My colleague Stuart Candy and I recently published a paper on a particularly momentous project we led in Phoenix, as part of the Emerge conference.

Can futurists predict the future?

Not any that I’m aware of! The world is a complex system, with fluctuating perturbations, unexpected events, and strange behavior. We might be able to make predictions about certain things, like elections, but even then, with usually only two candidates and a mass of polling information, we’re often wrong.
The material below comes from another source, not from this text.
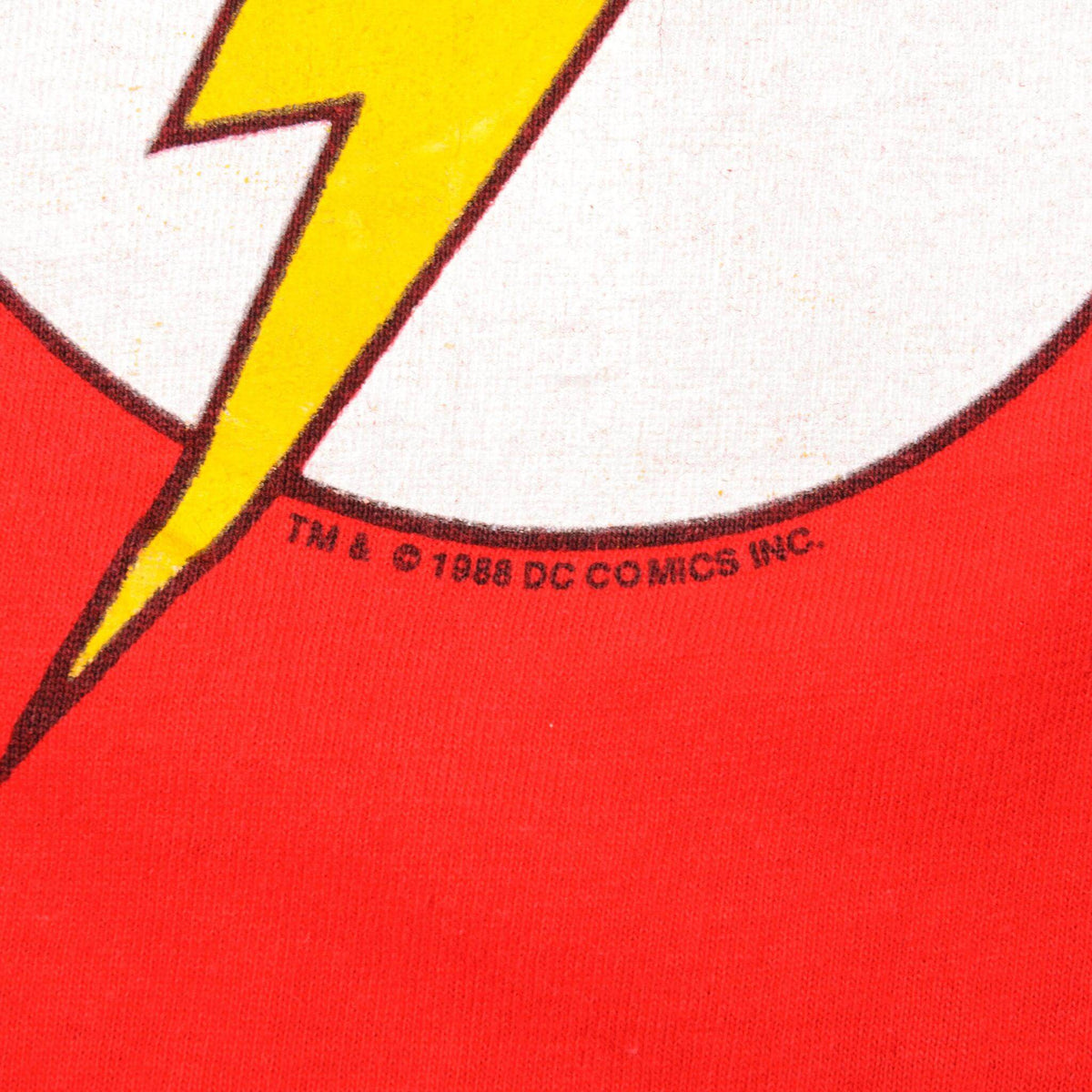Close-up of 1988 DC Comics copyright beneath The Flash logo print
So, for me and many other futurists, prediction is a fool’s game. The better approach is to prepare rigorously for complex, accelerating, non-linear alternatives. Because we can’t predict THE Future doesn’t mean we can’t increase our foresight capacity and improve our chances for making better choices--to steer toward better future while being ready to take sometimes drastically different directions that we had originally planned. This goes for individuals, but I’m mostly interested in group and society-level strategies at this stage.

You recently contributed to ‘Toward a Preemptive Social Enterprise’ What do you hope people take away from this book?
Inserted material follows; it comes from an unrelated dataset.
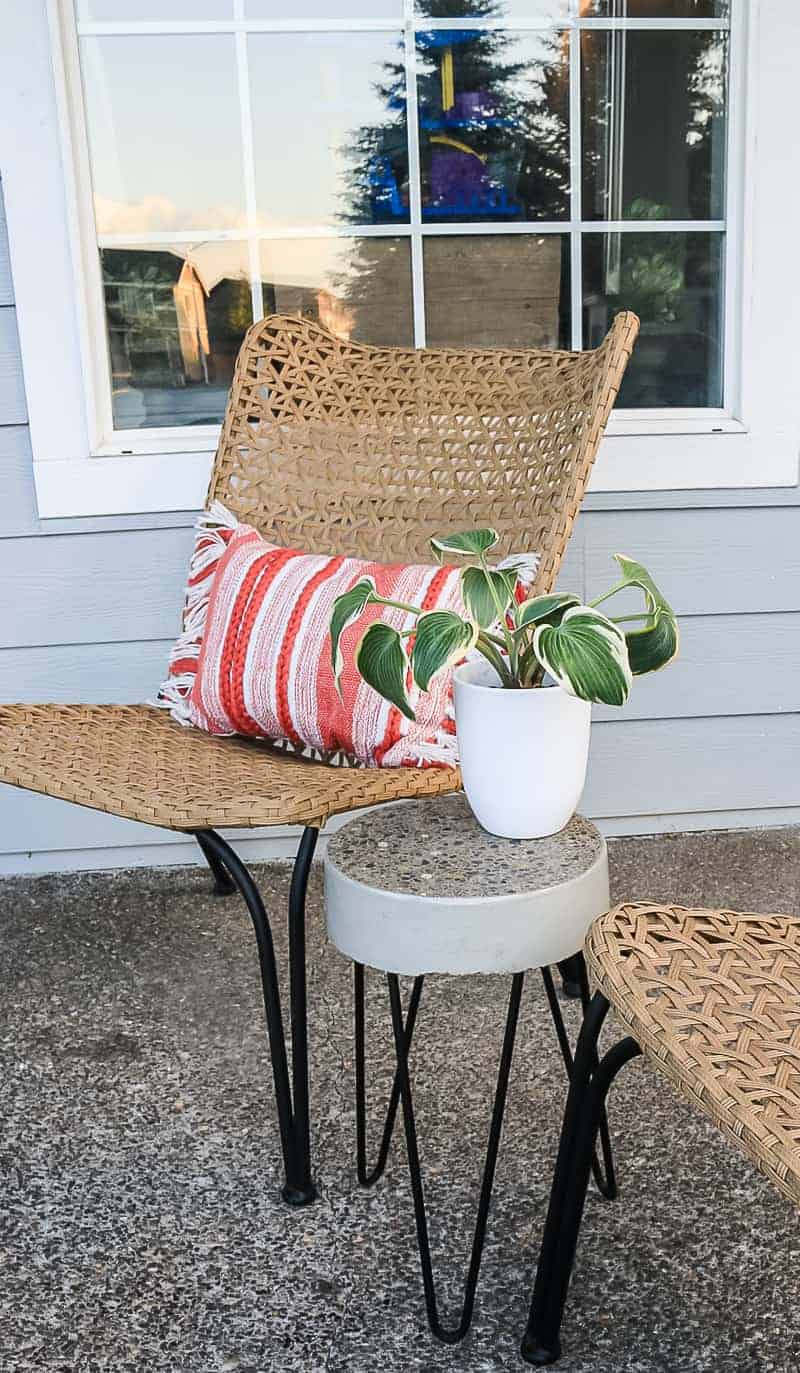 This easy DIY concrete side table is the perfect addition to your front or back porch!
First, that foresight and futures can make any endeavor better. Futures studies is not just about high-tech clichés.

Second is that business itself is an invention, and can be re-thought, re-designed, and re-deployed in new ways. As my mentor, Jim Dator, likes to say, “the world is a social invention, and we are social inventors.”

Third, is that it is not only our option to re-design business and society, it is our responsibility. We are ethically bound to leave a decent world for those future generations to come. Future-oriented, socially-minded business could be a big part of how we overcome some of the systems challenges we face.

ORDER THE BOOK

What are some big things to consider in the next 5,10, 20 years?
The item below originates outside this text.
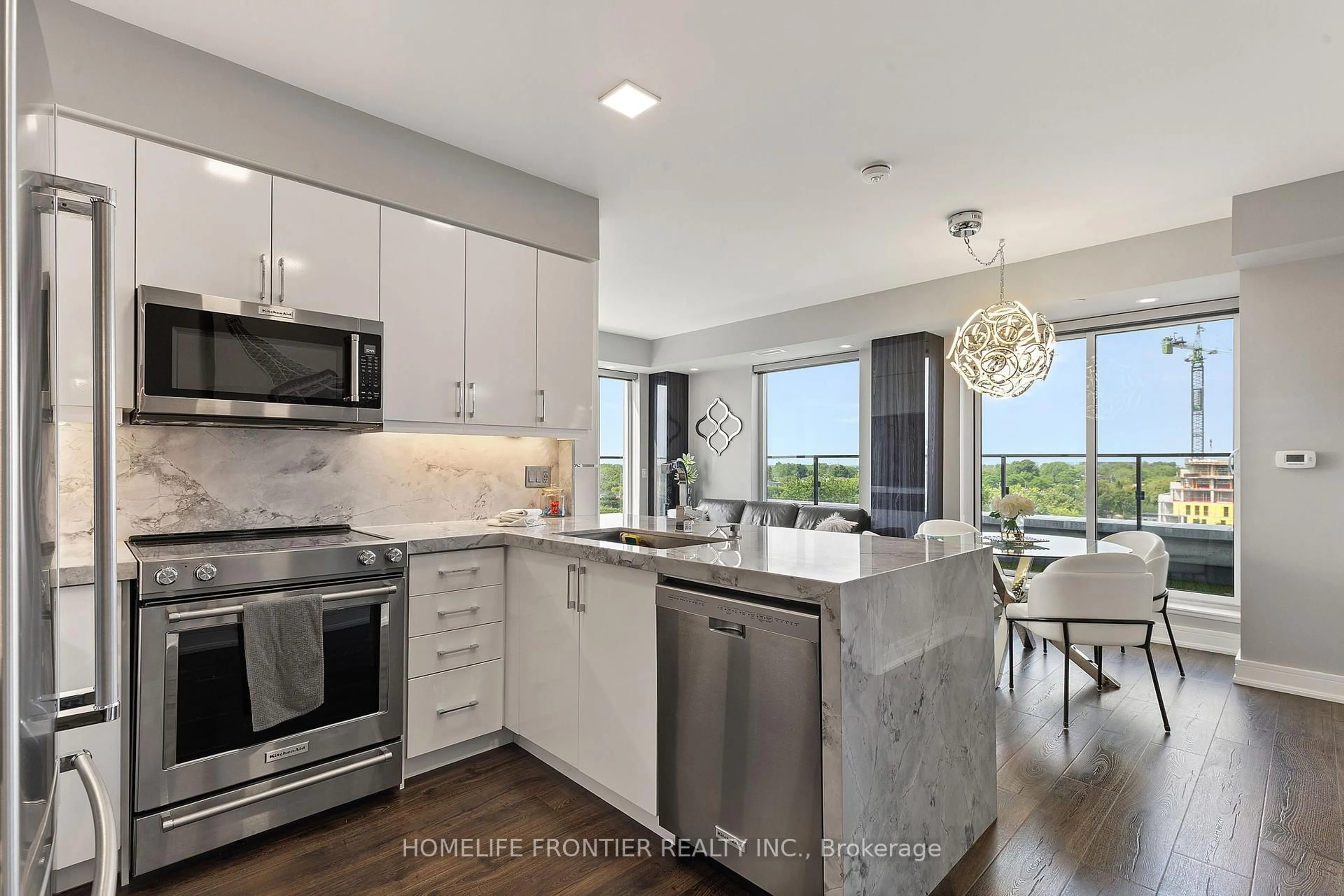 Open concept kitchen, ceramic/tile floor for 741 Sheppard Ave #803, Toronto Ontario M3H 0C9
There are always new technologies to consider, and we certainly can see current events casting their shadow on the future. But to take it a step more abstract, I think the biggest thing we are going to face in the next 20 years is the question of how to be an ethical person. Nothing in that question is stable. We are challenging long-held beliefs about human nature, the mind, individuality, etc. We also live in a world of extremely turbulent change, so even if we somehow figure out ourselves, the self will be in a new world almost every day. We’re going to have to get used to irreducible ambiguity, and do the best we can with the knowledge we have.

A long-term, systems-level view that is emotionally connected to living beings is how I orient myself. And, stealing from Jim Dator again, I take my work seriously, but not myself.


Is there anything organizations can do now to prepare?

Get real about there not ever being a return to “normal” times (if we ever had normal times), and then get professional help. My four-step argument about futures is this: 1. All humans think about the future. 2. We are not very good at it. 3. It is not our fault (spoiler, it’s baked into our brains), and 4. There’s something we can do about it.

The “something” we can do about it comes from three generations of scholars and practitioners developing tools and techniques to think about the future more usefully. Seek out futures thinking tools, raise your foresight capacity. I mentioned “professional” help, and that’s what we provide at verynice, but in reality, the best outcomes are when students, companies, organizations or agencies take this initial learning and make it their own, and leave us behind. My goal is to have hundreds of “former” clients doing their own futures work, and becoming architects of better futures. I think we’ll all be better off in that scenario.